Answer: Your dilemma is by no means unusual as the number of parents forced to help their offspring buy is on the rise, but your proposed plan is. According to HM Revenue and Customs (HMRC), you can indeed literally hand over your home – regardless of its value – to your children.

That's the simple part: the complications and costs come next, much of them related to the taxman's fears over inheritance tax (IHT) avoidance. Under the 'seven-year rule', you can hand over any item – whether a cash sum or property, as in your case – to family or friends and it's free of IHT (payable at a hefty 40 per cent on any estate worth more than £325,000) as long as you live for at least another seven years afterwards. However, to prevent everyone following suit, HMRC has imposed some canny financial rules.

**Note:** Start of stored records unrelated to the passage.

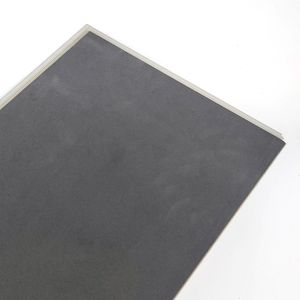 High Quality Modern SPC PVC Vinyl Click <b>Flooring</b> 5mm 6mm 4mm Waterproof Eco-Friendly Anti-Slip Graphic Design Staircase Indoor - Product Image 1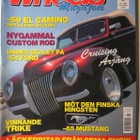 Wheels magazine 2/2006 - pikkukuva 1
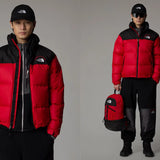 The North Face 1996 Nuptse 'Expedition System' Homme The North Face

If you give your home to your children as a gift, but effectively carry on 'benefiting' from your largesse – i.e. you continue living in it, with them, for free – then it's classed as a 'gift with reservation of benefit'. This means that your generosity won't be exempt from IHT.

You would see your house included in your estate for tax purposes, making it a very expensive option if your property is worth a lot more than the inheritance threshold.

Essentially, you have a choice: pay your children as if you were 'renting' the house from them, or stump up what's known as 'pre-owned asset tax' (Poat). "In short, if you are not paying full market rent, you must pay this tax on the 'benefit' you are receiving," says a spokeswoman for the advice website Firstrungnow.com. Say the standard market rent for your family home, as judged by an estate agent, was £15,000 a year: you'd have to pay Poat of £3,000 if you're a basic-rate earner (20 per cent) or £6,000 if a higher earner (40 per cent). And that's not all. If you do pay your children rent, they must declare it as extra income – and pay more tax. Given its complex implications, it's worth hiring an accountant to ensure you don't ensnare yourself in a tax trap. Alternatively, why not simply persuade your children to hold off from property ownership?

"They're both very young for first-time buyers, and there's nothing to stop them saving for at least another few years to get a bigger deposit and a better home loan deal," says Melanie Bien at broker Savills Private Finance.

"The average age for first-time buyers is still 34, so they've a long way to go."